美人ではないけれど小柄な背丈と相まって愛らしい顔立ち。
丸い鼻にちょこんと乗った丸メガネは、理知的さよりもドジッコらしさを見る者に与える。
髪だけは肩口で大人の女性らしく整えられ、薄く茶色に染められていた。
急いで来たのか、息を切らしている。
荒い呼吸が少しだけ色っぽい。
少しだけ。
「いや、儂らの方が約束の時間に遅れてしまったのでな。謝るのは儂らの方じゃ、誠に申し訳ない」
突然の女性の登場に注目していたら、隣に座っていたはずのスズが立ち上がり、俺達の非礼を詫びていた。
やっぱりこういう咄嗟の正しい行動ってのは中々俺にはできない。
なんたって職歴はニートと勇者ですからね。
キチンとした礼を行うことが少なかったから仕方ない。
なのでスズに任せて椅子に座っていたら、スズから凄まじい眼光で睨まれた。
え? なに、なんなの?
そんな俺の心情が表情に出ていたのか、チッと舌打ちするとスズは手だけのジェスチャーで何かを伝えてきた。
腕を立ててクイクイッと手首の先から曲げたり、口の前に手を持って行って何度もグーからパーに変えたりしている。
ふむふむ。
俺にも謝罪と挨拶しろってことだな。
2年間も一緒に仕事してると、ある程度の事は言葉を交わさずにコミュニケーション取れたりするんだ。
あんまり嬉しくもないけど。
「です、俺達が遅刻してしまったのが原因です。すいません。あ、俺は『B&Bトラブルバスターズ』の所長やってます師里アキラです、よろしく」
だから言われた通りに椅子から立ち、挨拶をしておく。
「え?」
しかし、入ってきたメガネの女性は俺の挨拶を聞くと、一言だけ呟き驚いたような顔をして止まってしまった。

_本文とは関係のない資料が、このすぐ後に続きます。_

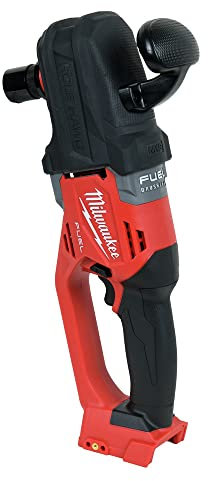 Milwaukee 2808-20 M18 FUEL HOLE HAWG Brushless Lithium-Ion Cordless Right Angle Drill with 7/16 in. QUIK-LOK (Tool Only)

「(……ねぇねぇスズさん、俺何かマズイこと言った?)」
「(いや、お主の挨拶が拙い(つたない)ことは確かじゃが、驚かれるほどではなかったと思うぞ)」
不審に思い隣のスズに小声で問いかける。
しかしスズから見てもおかしなところはなかったみたいだし、一体何なんだ。
「あの~大丈夫っすか?」
「え、あ、はいっ! す、すいません!」
恐る恐る声をかけてみたら、予想以上に大きな声で返事が返ってきた。
「大丈夫ならいいんすけど」
「も、申し訳ありません。突然の事でつい……」
「突然? 何が突然なのじゃ?」
「そ、それは、あの……」
モジモジと俯く女性。
しかし、意を決したのかバッと顔を上げて俺に向かい――
「ひ、久しぶりですね師里くん」
――そんなことを言ってきた。
でもごめん、誰だっけアンタ?
目を潤ませながら俺を見つめるその顔を見ても、まるで誰だか思い出せなかった。